株価好調のベトナム市場。
現在の株価水準が割安か割高か?
少ない手がかりから推測してみます。
ベトナムの経済成長
まず、近年の経済成長率とその見通しを見てみます。
長期的には
【経済成長率】と【時価総額の増加率】
には正の相関がありそうなので。
近年の実質経済成長率の推移です。長期的に高い水準です。
※出所:ベトナムの経済成長率の推移(2013~2022年) - 世界経済のネタ帳
実質経済成長率の見通しです。
IMFによる2017年10月時点の推計。
しばしば当たりませんが、一つの目安です。
この目安によれば、6%以上の成長が続きそう。
ベトナムの時価総額と名目GDP
※出所:Global Note、Global Note、World Federation of Exchangesのデータより管理者作成
ベトナムの「時価総額」と「名目GDP」の推移です。
時価総額は2008年以降のものしか入手できなかったので、2008年以降の年末値の推移です。
まず、GDPに比べて時価総額がとても小さいのが分かります。
それでもGDPとともに時価総額が上昇してきている傾向が確認できます。
また2017年はがっつり株価が上昇、GDPとの距離を
大きく縮めている
ことも確認できます。
※出所:Global Note、Global Note、World Federation of Exchangesのデータより管理者作成
ベトナムのバフェット指標
次にバフェット指標を見てみます。
簡単なバフェット指標の説明。
バフェット指標は、投資の神様とも言われる、ウォーレン・バフェット氏が愛用しているとされる、ある国のGDPと上場株式の時価総額の総和を比べる指標をいいます。これは、ある国の株式時価総額増加率と名目GDP成長率は長期的には収斂するとの主張に基づくもので、ある国の株式相場に急落の可能性は高まっていないか、あるいは逆に売り込まれすぎていないかを見る場合に使われます。
※引用元:金融情報サイト「バフェット指標」
具体的には
◎バフェット指標=ある国の時価総額÷名目GDP
です。ここでの時価総額は市場規模をさします。
名目GDPは経済規模のことでもあるので、
◎バフェット指標=市場規模÷経済規模
です。
※時価総額の説明→【世界時価総額】で株式の割安割高を探る【ダイジェスト版】
※GDPの説明→金融情報サイト「GDP」
バフェット指標は株式の割安割高を判断する
一つの目安
として使われることがあります。
ベトナムのバフェット指標を見てみます。※出所:Global Note、Global Note、World Federation of Exchangesのデータより管理者作成
2008年末、リーマンショック後の世界的に株式が割安だった頃、ベトナムのバフェット指標は、
0.1
程度でした。
時価総額がGDPの10%程度しかない、市場規模(時価総額)が経済規模(名目GDP)に比べて極めて小さい状態だったといえます。

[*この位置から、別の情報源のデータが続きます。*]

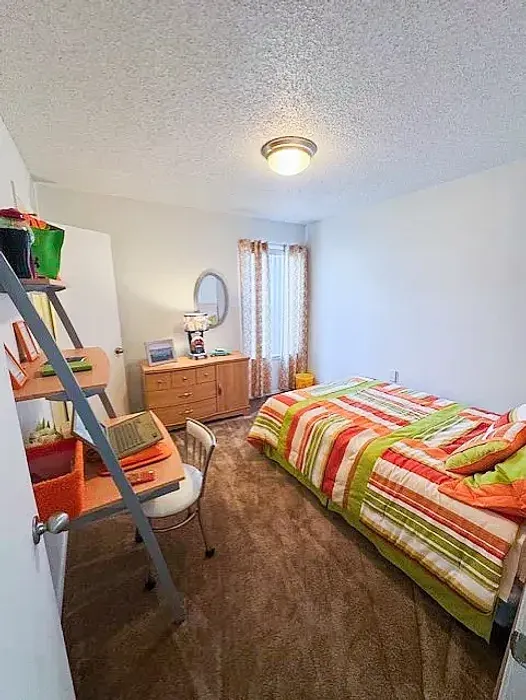 fun bedroom with bright beding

その後、株価はリバウンドし時価総額はGDPの25%程度まで上昇しますが、欧州債務危機などもありまた15%程度まで低下。
2016年にようやく30%超え、超えたと思ったら2017年は一気に
0.6
近くまで急上昇。
現在のベトナム株式市場の活況がうかがえます。
※出所:Global Note、Global Note、World Federation of Exchangesのデータより管理者作成
ベトナムの株価は割安か?
バフェット指標を見る限り、個人的には現在の「0.6」程度の水準は過去からの推移を重視すると、
少なくとも割安ではなさそう
と推測します。
もし、今後、世界的なリスクオフ相場が来れば、ベトナムのバフェット指標は
0.4以下
場合によっては
0.15~0.3
程度まで急落するかもしれません。
もちろんリスクオフ相場が来ず、今の勢いで伸びていく可能性も十分あります。
わたしの投資スタンスにしっくりくる、個人的な意見に過ぎません。
おわりに
ベトナムの時価総額は2017年12月末で1265億ドル程度、1ドル110円とすると、ざっと
14兆円
です。
米国の時価総額は、ニューヨーク市場とナスダックを足すと、2017.12月末で約32.1兆ドル、ざっと3530兆円。
ベトナムの250倍以上になります。
また14兆円という数字は、トヨタ自動車の時価総額(約25兆円)に遠く及ばず、三菱UFJフィナンシャル・グループ(約12兆円)より少し多いくらいの金額です。
「小さいから悪い、だめだ」といいたいわけでなく、短期的なベトナム株ブーム、盛り上がりで少し多めの資金が一気に入って、その後一気に抜けることがあれば、ベトナム市場の変動は大きくなりやすく、思わぬ変動でパニクらない心の準備は必要かと思われます。